Input data
Segment Open

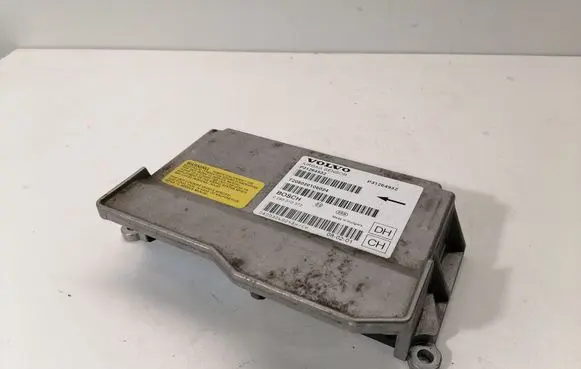 Volvo V70 Airbag control unit/module P31264932 T208020106024 0285010372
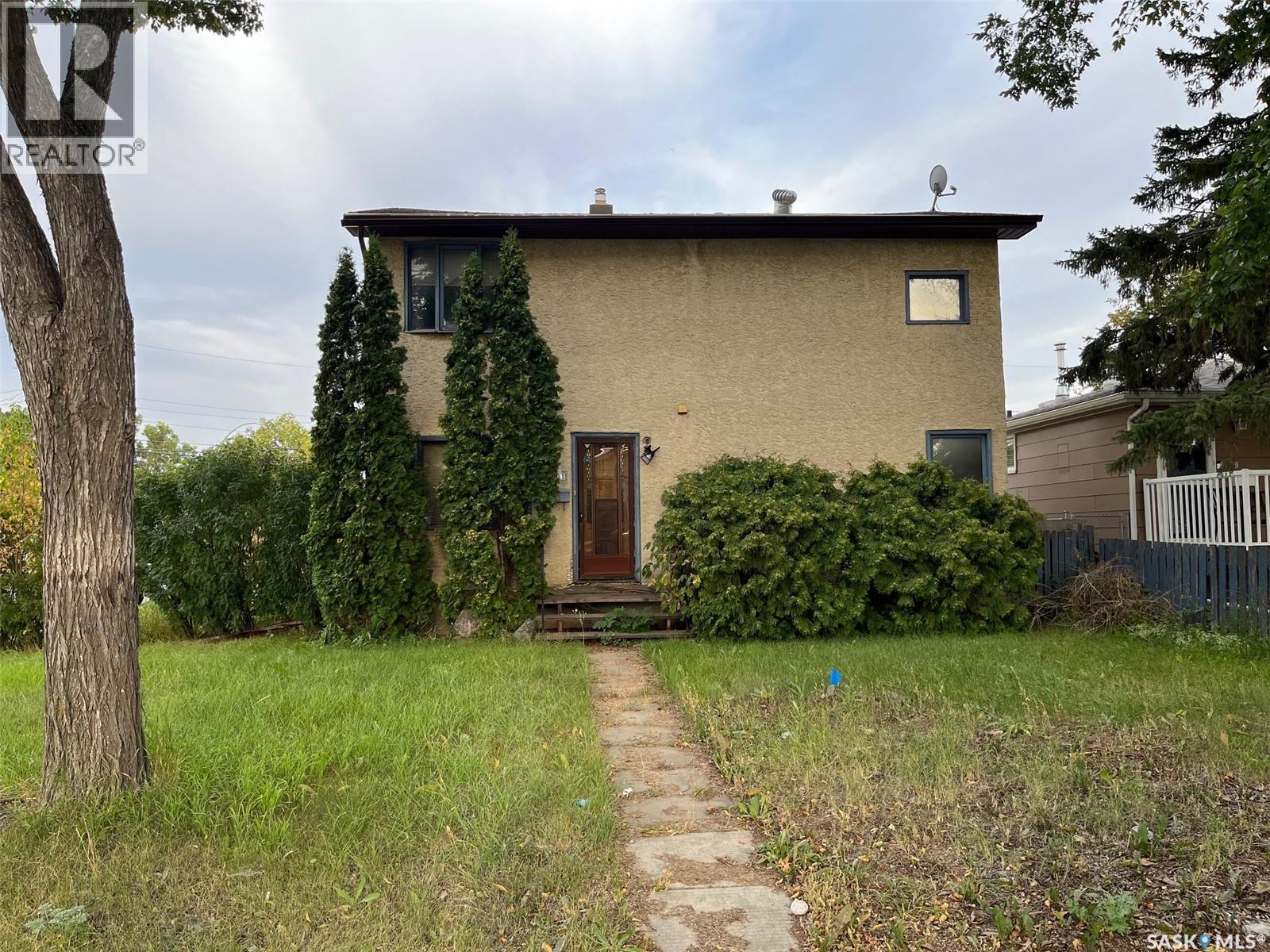 1401 Lacon St, Regina, SK S4N 1Z2
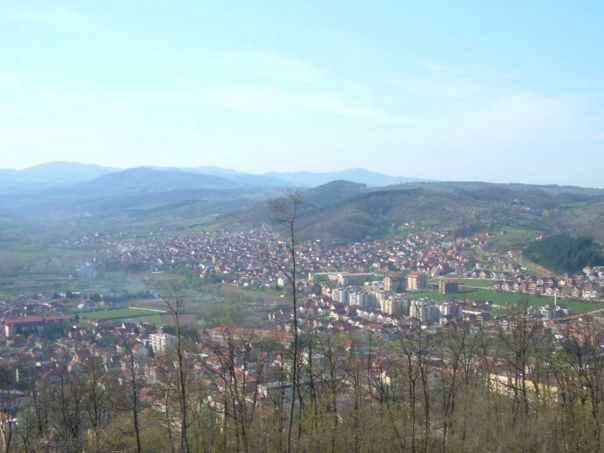 Srbijanski mediji: Albanci pucali na policiju blizu granice s Kosovom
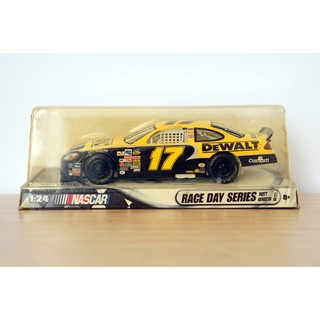 #17 DEWALT 1/24 HOT WHEELS 2003 DIECAST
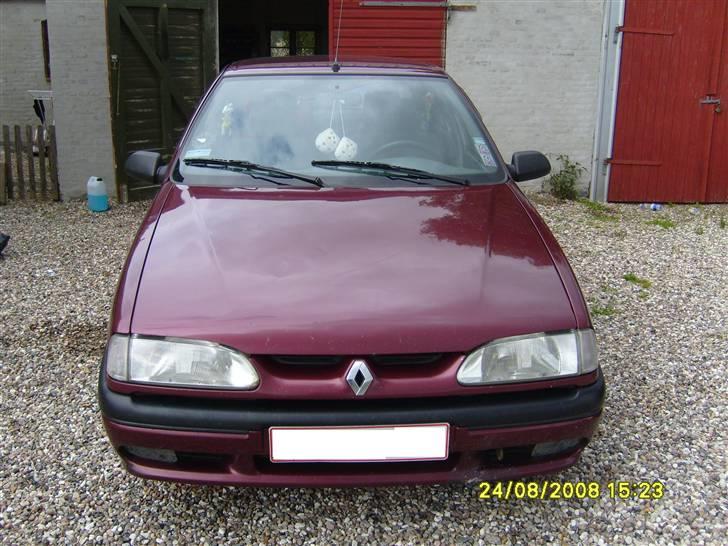 Renault 19 (skrottet) - Ja ja pæn er den nu ikke men den køre mine børn og mig rundt *Ss* billede 1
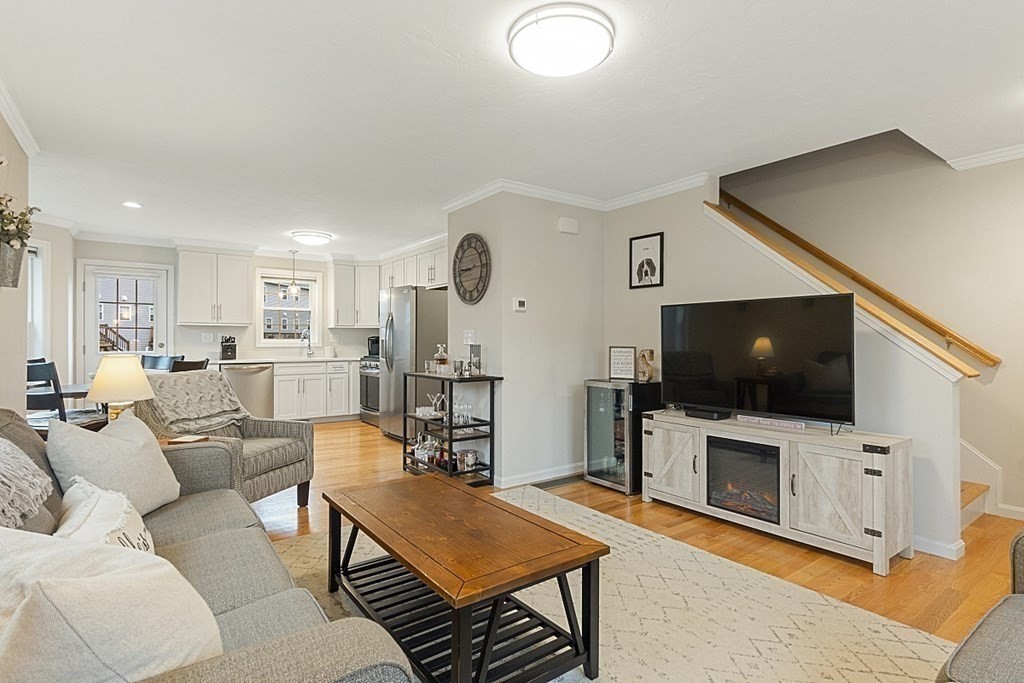 26 Riley Road, Unit 26 Tyngsborough, MA 01879 - Photo 4 of 40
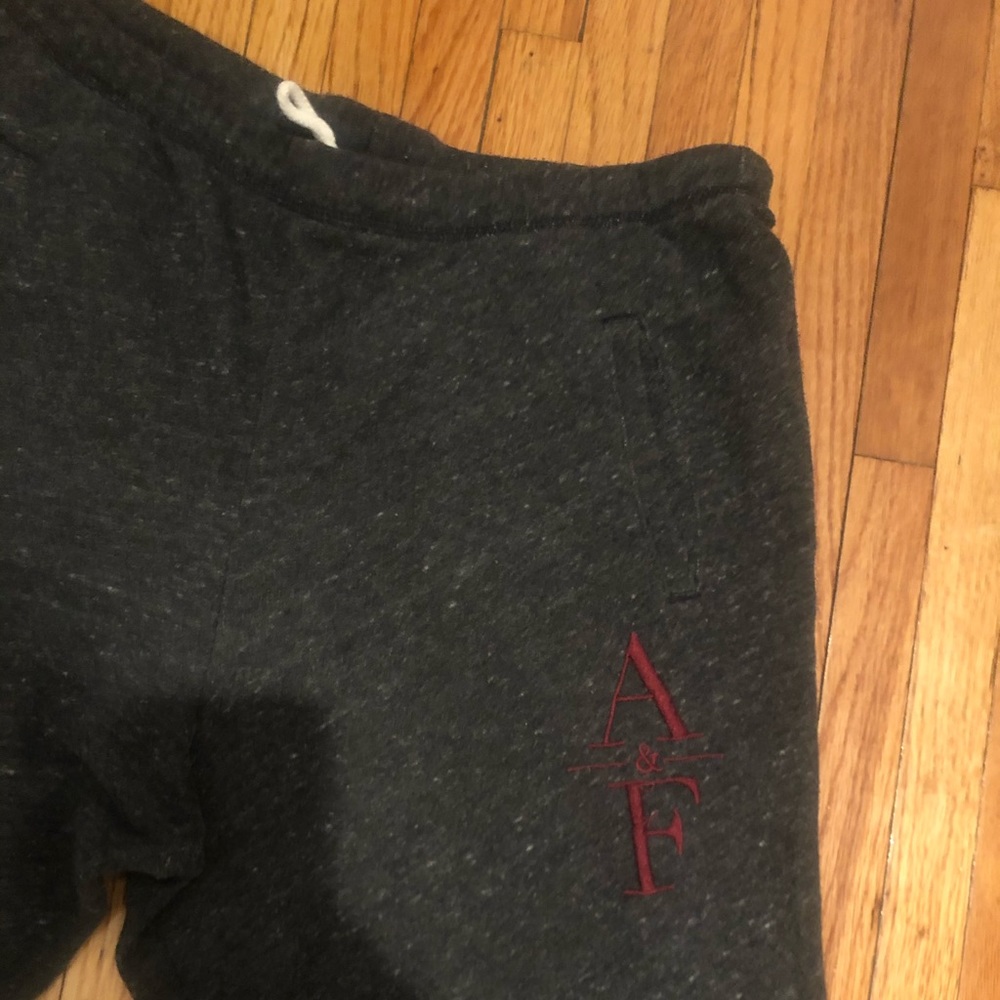 A&F Sweat pants - Picture 2 of 5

Segment Closed

Goal of the exercise
Leaving out all pictures, repeat word for word the lines from the one containing "26 Riley Road, Unit" through the final line of the material above.

Task answer
 26 Riley Road, Unit 26 Tyngsborough, MA 01879 - Photo 4 of 40
 A&F Sweat pants - Picture 2 of 5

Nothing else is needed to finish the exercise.